I agreed to meet Alexis for coffee. I work with an organization called I AM THAT GIRL where we empower young girls to healthy self-esteem and self-worth. I had just brought Alexis on board as one of our new monthly bloggers. We lived in the same city and decided to meet up for some actual conversation.

"So what's your story?" she asked, hands pursed around a thick, white café mug. Stories are everything in our organization. They are the connective tissue that binds us together across race, sexuality, religious beliefs, or any of the other zillion shards of difference deployed to divide and isolate us. When we share our stories we thread a connection that makes us say "me too" and that's when real miracles happen.

It's a variation of a question you get asked at parties or dinners or other social gatherings: What do you do? What's your line of work? What's your background? Like most people in these situations, I have learned how to relay my story to make it sound neat, clean, and utterly sanitary. I have a PhD and taught college for a number of years. I transitioned out of that and got more interested in working in the non-profit sector.

I stopped and looked at this young girl's trusting, open face.

"Actually, the university cut the program I was teaching in and I was on the job market for over a year trying to find another academic gig in this area, which was impossible." I paused. "There was a lot of crying." I met her eyes and a huge grin spread across her face. I smiled back. The energy shifted. She nodded. She didn't have to say it for us both to feel it. Me too.

I told her it was incredibly hard. I felt broken in 18 different ways. When there wasn't crying, there was self-pity and a lot of anger. I told her that some days it was all but impossible to crawl out from under the blanket of shame I had pulled tightly around me. I felt like I had let everyone including myself down. I was a failure. I was lost. I was unable to see how it would ever be OK. It was eventually OK, it was eventually pretty great in fact, and the mess was a big part of that process that only the people closest to me got to witness.

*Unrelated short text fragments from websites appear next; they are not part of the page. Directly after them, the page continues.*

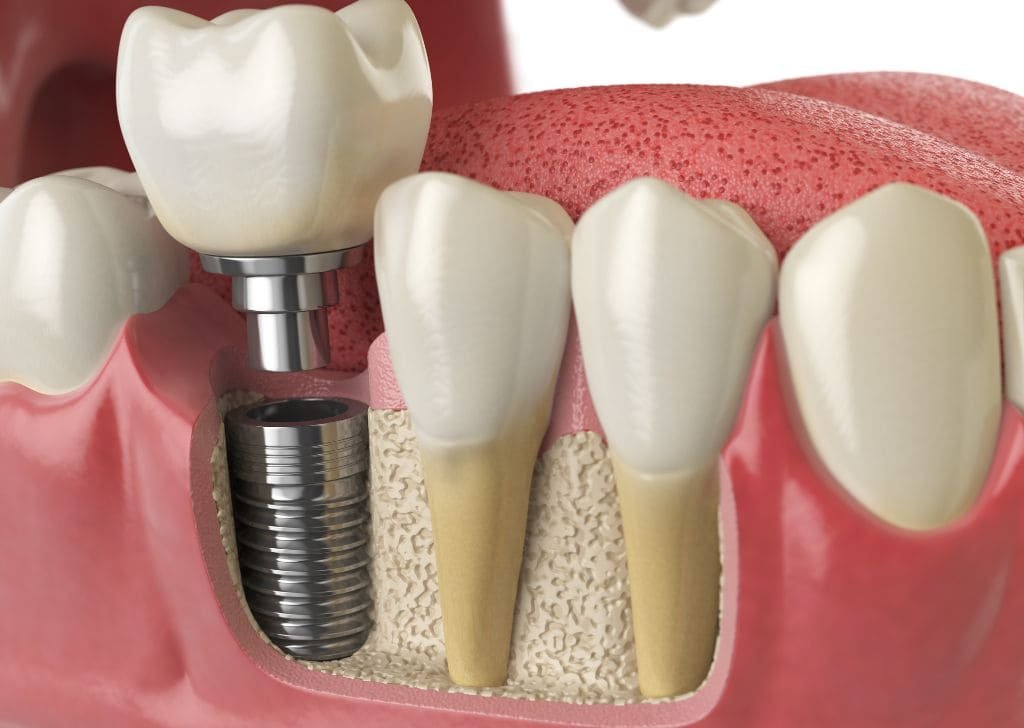 Dental Implant Care Tips for Faster Recovery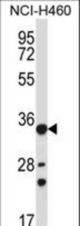 AKR1B10 Antibody western blot of NCI-H460 cell line lysates (35 ug/lane). The AKR1B10 antibody detected the AKR1B10 protein (arrow).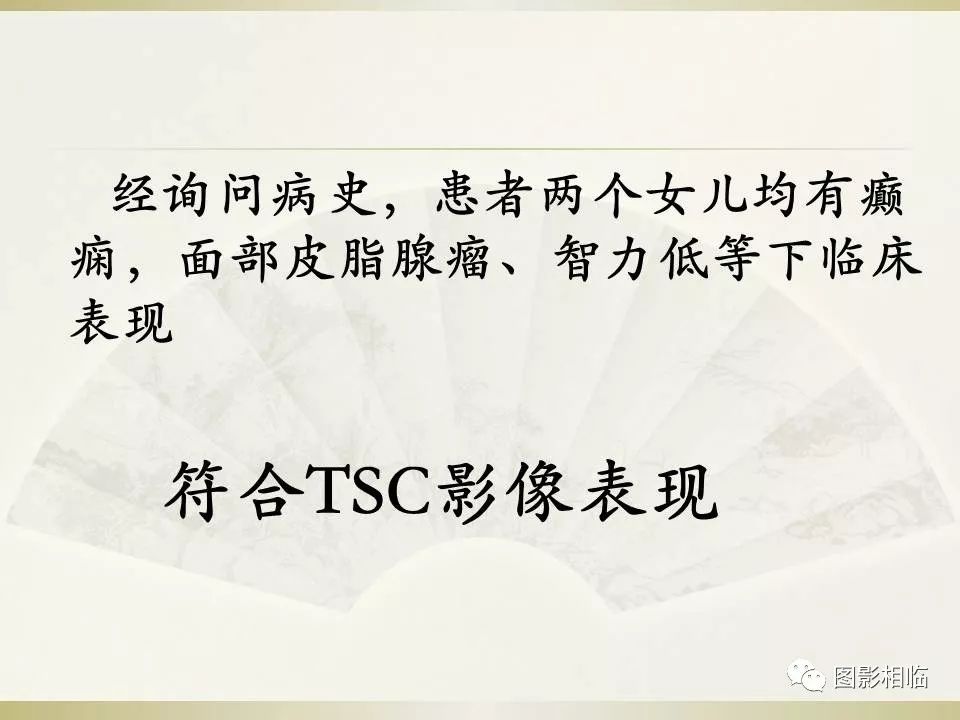 影像PPT - 【PPT】TSC临床及影像表现-6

Don't Photoshop your story, I told her.

Women don't give themselves permission to fall apart and we certainly don't want to be seen as not having our shit together. That's become taboo in a culture that, for women especially, demands the lie of seamlessness, of perfection, of freedom from blemishes and funky lighting and embarrassing angles. We see from so many of our role models and public figures that it's more important to emphasize how tall we stand rather than how far we fall, and that constant policing of our stories is exhausting and damaging. It's an existence lived in the slick lie of spin and perpetual editing: the long stretch of struggle condensed into a few hours, repackaged and rebranded as a road bump or "challenging moment." God forbid one of us admits that we don't know what we're doing, that we don't have it all figured out, that we're screwing up left and right trying to make good of the precious life we've been given.

Have the courage to haul out your mess of tangles and let others see the knots frayed from so much worrying. You're not doing anyone any favors airbrushing your experiences. It doesn't dull the sharp edges of the pain you carry and it doesn't make you heroic or strong; it makes you a thief--stealing someone else's chance to connect with you and your story, denying someone the opportunity to breathe with relief because "me too."